> Problem description:
For the records below, output word for word the lines from the one with "乐天商城 - アイドリングストップキャンセラー" up to and including the one with "Gangnam Knight Chapter 14 - halaman 25". No pictures.

> Data for the task:
_ _ _
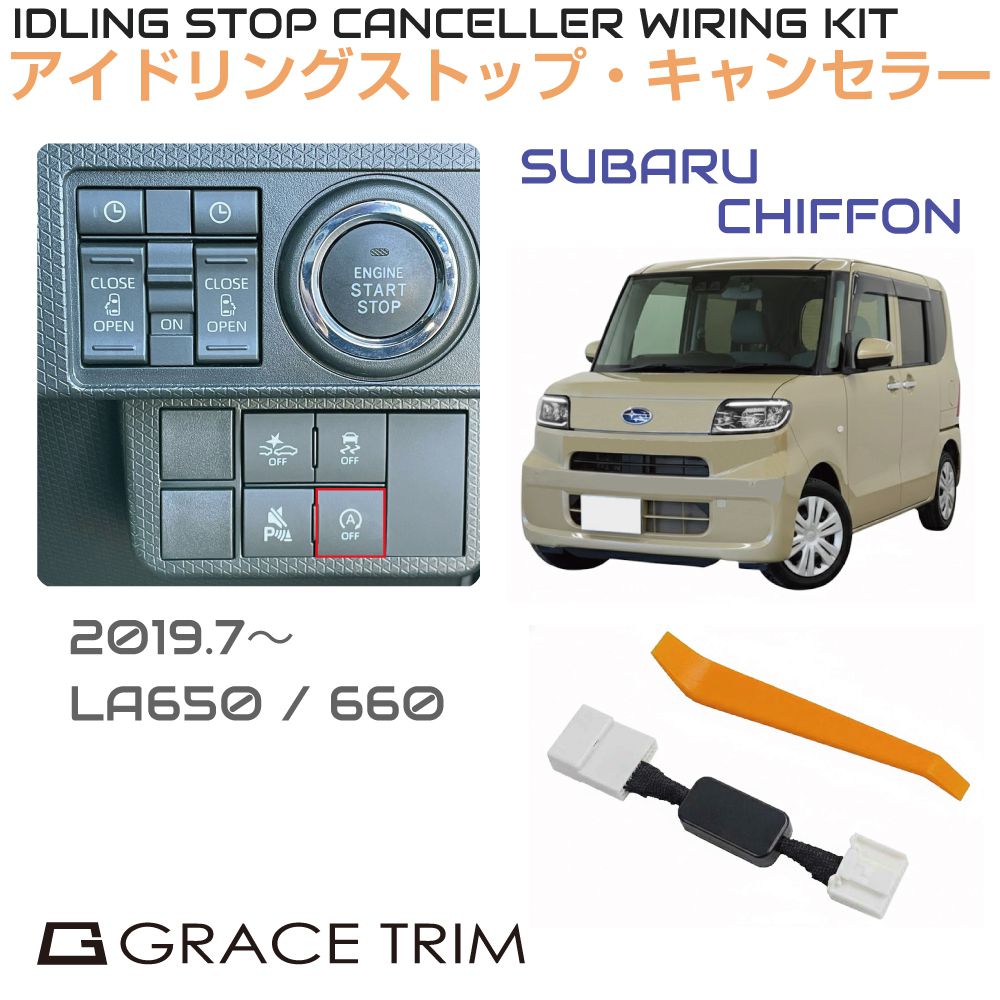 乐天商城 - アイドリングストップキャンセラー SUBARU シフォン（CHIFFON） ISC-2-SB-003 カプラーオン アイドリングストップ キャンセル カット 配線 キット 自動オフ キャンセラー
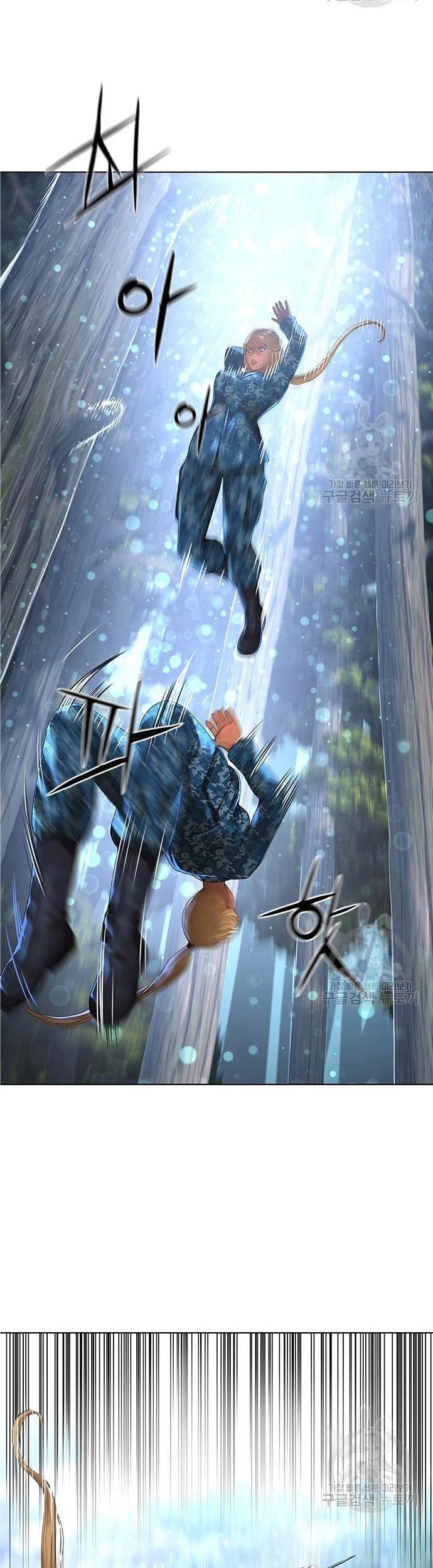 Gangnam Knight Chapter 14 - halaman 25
_ _ _
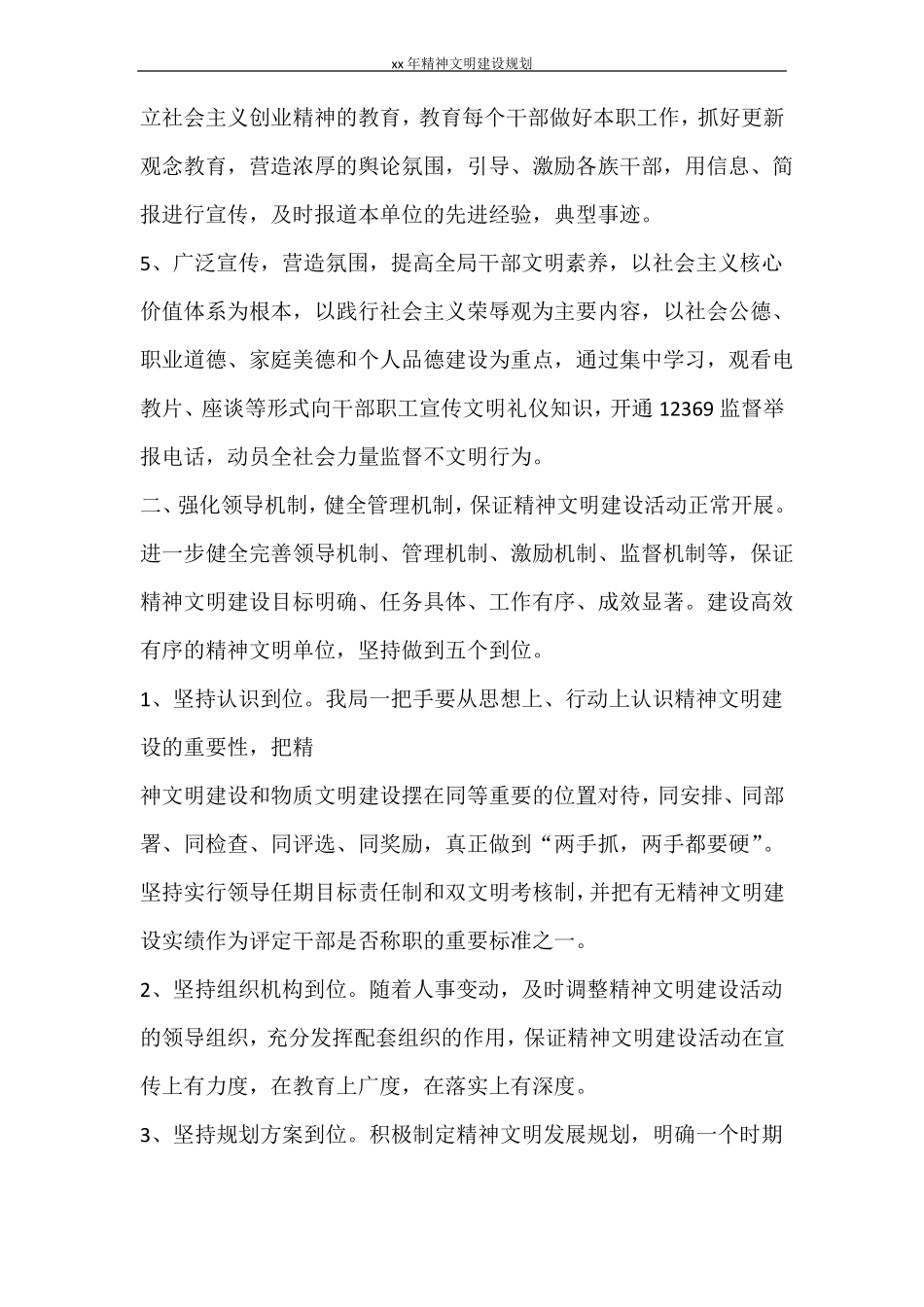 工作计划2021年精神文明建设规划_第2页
_ _ _
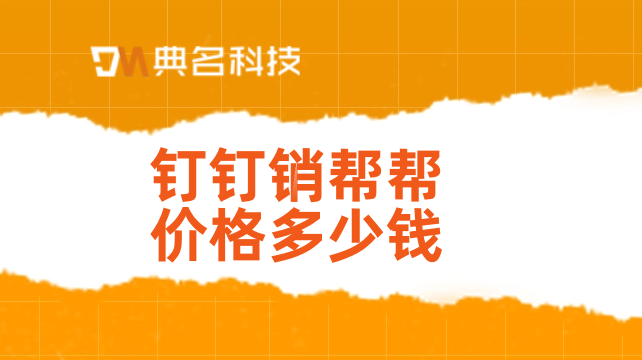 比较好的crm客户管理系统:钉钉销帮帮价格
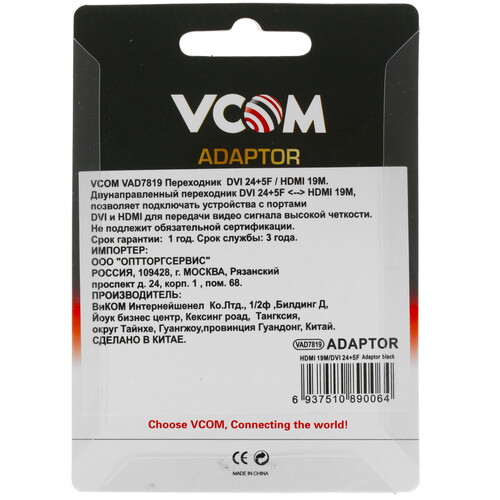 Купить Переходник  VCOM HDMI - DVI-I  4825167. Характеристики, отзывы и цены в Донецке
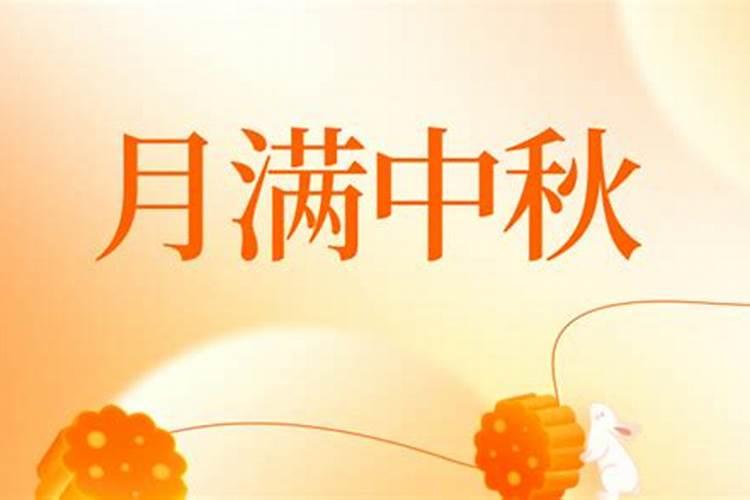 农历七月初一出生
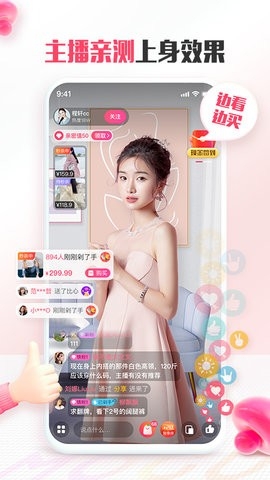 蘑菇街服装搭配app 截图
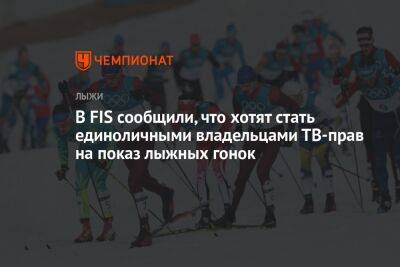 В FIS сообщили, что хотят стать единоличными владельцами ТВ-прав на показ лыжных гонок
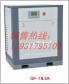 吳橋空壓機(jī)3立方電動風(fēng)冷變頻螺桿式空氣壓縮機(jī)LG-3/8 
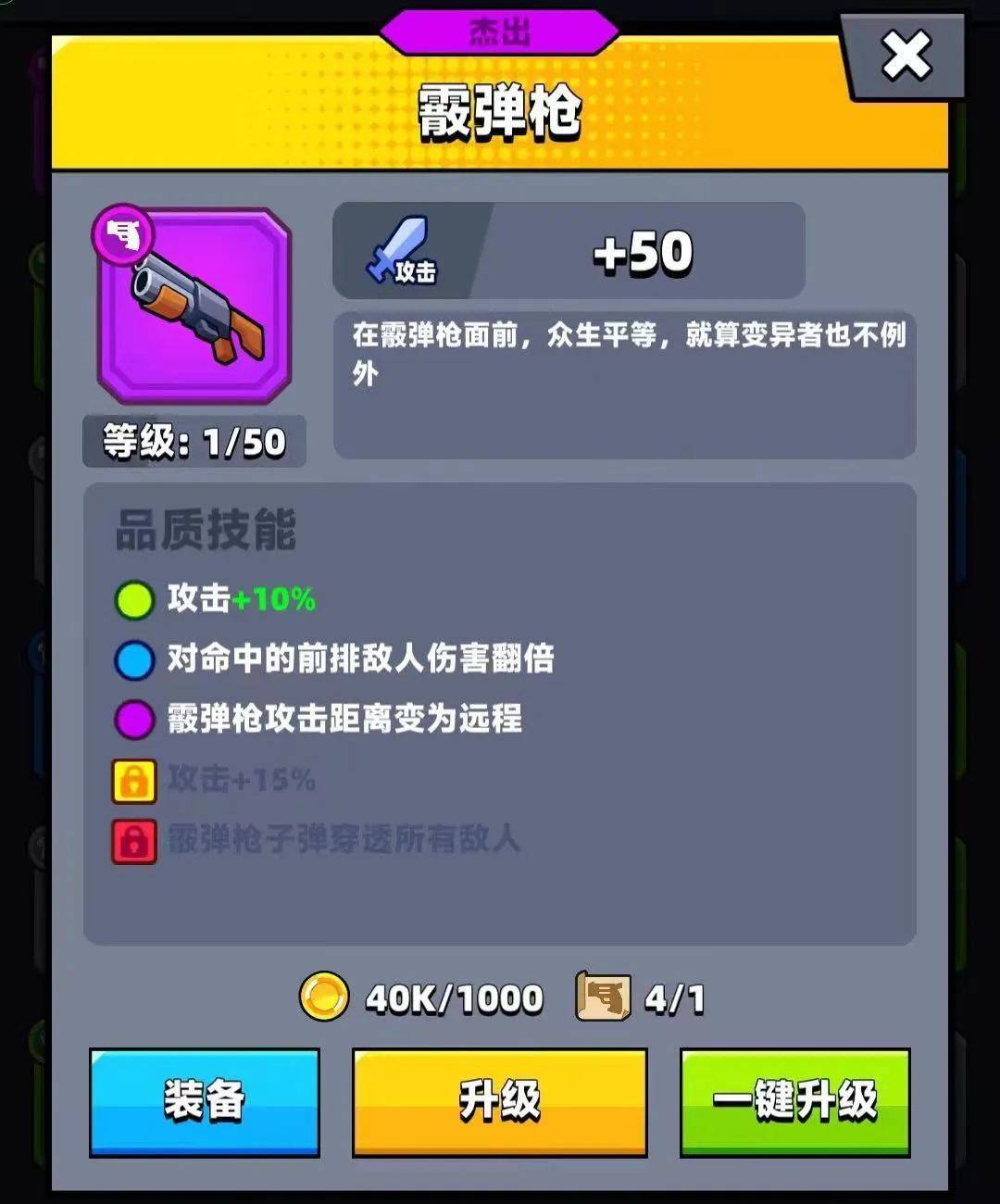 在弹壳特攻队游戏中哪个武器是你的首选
_ _ _
> Your response:
 乐天商城 - アイドリングストップキャンセラー SUBARU シフォン（CHIFFON） ISC-2-SB-003 カプラーオン アイドリングストップ キャンセル カット 配線 キット 自動オフ キャンセラー
 Gangnam Knight Chapter 14 - halaman 25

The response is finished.